» **TASK DIRECTIONS**
Print every line below. Match each one exactly.

+++ DATA RECORDS

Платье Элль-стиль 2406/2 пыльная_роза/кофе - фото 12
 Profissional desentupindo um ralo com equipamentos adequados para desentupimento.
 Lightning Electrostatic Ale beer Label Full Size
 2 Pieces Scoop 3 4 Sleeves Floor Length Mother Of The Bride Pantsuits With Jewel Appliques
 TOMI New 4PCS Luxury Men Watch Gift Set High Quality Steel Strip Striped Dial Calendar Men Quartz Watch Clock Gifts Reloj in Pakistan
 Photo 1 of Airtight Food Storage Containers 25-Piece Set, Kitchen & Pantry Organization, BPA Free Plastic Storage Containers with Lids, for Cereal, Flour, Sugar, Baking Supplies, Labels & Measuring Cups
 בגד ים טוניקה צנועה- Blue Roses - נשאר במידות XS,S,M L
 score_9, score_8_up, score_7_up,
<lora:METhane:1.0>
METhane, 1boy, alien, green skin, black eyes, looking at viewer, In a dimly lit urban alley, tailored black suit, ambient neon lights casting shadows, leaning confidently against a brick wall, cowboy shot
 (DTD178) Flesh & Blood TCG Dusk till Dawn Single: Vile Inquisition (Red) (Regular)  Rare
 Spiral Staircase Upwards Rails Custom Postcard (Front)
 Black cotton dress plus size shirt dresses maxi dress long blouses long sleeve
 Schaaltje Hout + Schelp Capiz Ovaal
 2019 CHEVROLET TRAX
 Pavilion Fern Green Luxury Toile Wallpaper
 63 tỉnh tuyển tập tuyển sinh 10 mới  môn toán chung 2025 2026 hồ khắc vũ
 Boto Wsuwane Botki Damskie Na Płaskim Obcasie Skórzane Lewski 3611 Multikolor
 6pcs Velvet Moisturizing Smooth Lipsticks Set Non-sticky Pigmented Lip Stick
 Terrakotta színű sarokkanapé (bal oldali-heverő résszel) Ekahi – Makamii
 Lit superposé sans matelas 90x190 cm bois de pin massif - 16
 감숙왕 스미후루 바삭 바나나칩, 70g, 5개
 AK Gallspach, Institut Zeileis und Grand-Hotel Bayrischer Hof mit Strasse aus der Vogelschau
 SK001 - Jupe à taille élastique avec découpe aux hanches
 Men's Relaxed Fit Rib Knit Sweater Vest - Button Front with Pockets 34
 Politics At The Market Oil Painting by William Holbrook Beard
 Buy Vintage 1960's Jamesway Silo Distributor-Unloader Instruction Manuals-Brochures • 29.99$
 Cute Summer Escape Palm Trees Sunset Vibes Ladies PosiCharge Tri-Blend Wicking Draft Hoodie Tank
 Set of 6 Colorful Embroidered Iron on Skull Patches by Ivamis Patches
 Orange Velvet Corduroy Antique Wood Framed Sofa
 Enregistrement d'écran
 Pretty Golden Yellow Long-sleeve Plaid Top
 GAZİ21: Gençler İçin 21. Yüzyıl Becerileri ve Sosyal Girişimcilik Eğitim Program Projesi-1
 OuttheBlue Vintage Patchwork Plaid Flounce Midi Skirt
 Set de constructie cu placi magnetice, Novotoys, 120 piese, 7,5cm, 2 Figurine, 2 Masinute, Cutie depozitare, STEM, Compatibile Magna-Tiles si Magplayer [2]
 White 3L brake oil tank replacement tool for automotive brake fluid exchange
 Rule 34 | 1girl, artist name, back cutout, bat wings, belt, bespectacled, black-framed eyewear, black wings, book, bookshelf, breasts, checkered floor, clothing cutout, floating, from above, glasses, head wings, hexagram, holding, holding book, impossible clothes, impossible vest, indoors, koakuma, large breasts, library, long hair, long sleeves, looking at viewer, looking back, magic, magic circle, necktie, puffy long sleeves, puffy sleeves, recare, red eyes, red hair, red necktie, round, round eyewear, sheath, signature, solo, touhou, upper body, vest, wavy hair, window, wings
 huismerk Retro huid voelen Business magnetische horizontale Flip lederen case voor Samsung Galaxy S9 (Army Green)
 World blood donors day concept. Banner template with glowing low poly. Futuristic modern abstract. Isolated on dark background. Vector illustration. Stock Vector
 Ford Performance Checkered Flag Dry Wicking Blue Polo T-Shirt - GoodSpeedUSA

++++++

» **RESPONSE FOR THIS EXERCISE**
Платье Элль-стиль 2406/2 пыльная_роза/кофе - фото 12
 Profissional desentupindo um ralo com equipamentos adequados para desentupimento.
 Lightning Electrostatic Ale beer Label Full Size
 2 Pieces Scoop 3 4 Sleeves Floor Length Mother Of The Bride Pantsuits With Jewel Appliques
 TOMI New 4PCS Luxury Men Watch Gift Set High Quality Steel Strip Striped Dial Calendar Men Quartz Watch Clock Gifts Reloj in Pakistan
 Photo 1 of Airtight Food Storage Containers 25-Piece Set, Kitchen & Pantry Organization, BPA Free Plastic Storage Containers with Lids, for Cereal, Flour, Sugar, Baking Supplies, Labels & Measuring Cups
 בגד ים טוניקה צנועה- Blue Roses - נשאר במידות XS,S,M L
 score_9, score_8_up, score_7_up,
<lora:METhane:1.0>
METhane, 1boy, alien, green skin, black eyes, looking at viewer, In a dimly lit urban alley, tailored black suit, ambient neon lights casting shadows, leaning confidently against a brick wall, cowboy shot
 (DTD178) Flesh & Blood TCG Dusk till Dawn Single: Vile Inquisition (Red) (Regular)  Rare
 Spiral Staircase Upwards Rails Custom Postcard (Front)
 Black cotton dress plus size shirt dresses maxi dress long blouses long sleeve
 Schaaltje Hout + Schelp Capiz Ovaal
 2019 CHEVROLET TRAX
 Pavilion Fern Green Luxury Toile Wallpaper
 63 tỉnh tuyển tập tuyển sinh 10 mới  môn toán chung 2025 2026 hồ khắc vũ
 Boto Wsuwane Botki Damskie Na Płaskim Obcasie Skórzane Lewski 3611 Multikolor
 6pcs Velvet Moisturizing Smooth Lipsticks Set Non-sticky Pigmented Lip Stick
 Terrakotta színű sarokkanapé (bal oldali-heverő résszel) Ekahi – Makamii
 Lit superposé sans matelas 90x190 cm bois de pin massif - 16
 감숙왕 스미후루 바삭 바나나칩, 70g, 5개
 AK Gallspach, Institut Zeileis und Grand-Hotel Bayrischer Hof mit Strasse aus der Vogelschau
 SK001 - Jupe à taille élastique avec découpe aux hanches
 Men's Relaxed Fit Rib Knit Sweater Vest - Button Front with Pockets 34
 Politics At The Market Oil Painting by William Holbrook Beard
 Buy Vintage 1960's Jamesway Silo Distributor-Unloader Instruction Manuals-Brochures • 29.99$
 Cute Summer Escape Palm Trees Sunset Vibes Ladies PosiCharge Tri-Blend Wicking Draft Hoodie Tank
 Set of 6 Colorful Embroidered Iron on Skull Patches by Ivamis Patches
 Orange Velvet Corduroy Antique Wood Framed Sofa
 Enregistrement d'écran
 Pretty Golden Yellow Long-sleeve Plaid Top
 GAZİ21: Gençler İçin 21. Yüzyıl Becerileri ve Sosyal Girişimcilik Eğitim Program Projesi-1
 OuttheBlue Vintage Patchwork Plaid Flounce Midi Skirt
 Set de constructie cu placi magnetice, Novotoys, 120 piese, 7,5cm, 2 Figurine, 2 Masinute, Cutie depozitare, STEM, Compatibile Magna-Tiles si Magplayer [2]
 White 3L brake oil tank replacement tool for automotive brake fluid exchange
 Rule 34 | 1girl, artist name, back cutout, bat wings, belt, bespectacled, black-framed eyewear, black wings, book, bookshelf, breasts, checkered floor, clothing cutout, floating, from above, glasses, head wings, hexagram, holding, holding book, impossible clothes, impossible vest, indoors, koakuma, large breasts, library, long hair, long sleeves, looking at viewer, looking back, magic, magic circle, necktie, puffy long sleeves, puffy sleeves, recare, red eyes, red hair, red necktie, round, round eyewear, sheath, signature, solo, touhou, upper body, vest, wavy hair, window, wings
 huismerk Retro huid voelen Business magnetische horizontale Flip lederen case voor Samsung Galaxy S9 (Army Green)
 World blood donors day concept. Banner template with glowing low poly. Futuristic modern abstract. Isolated on dark background. Vector illustration. Stock Vector
 Ford Performance Checkered Flag Dry Wicking Blue Polo T-Shirt - GoodSpeedUSA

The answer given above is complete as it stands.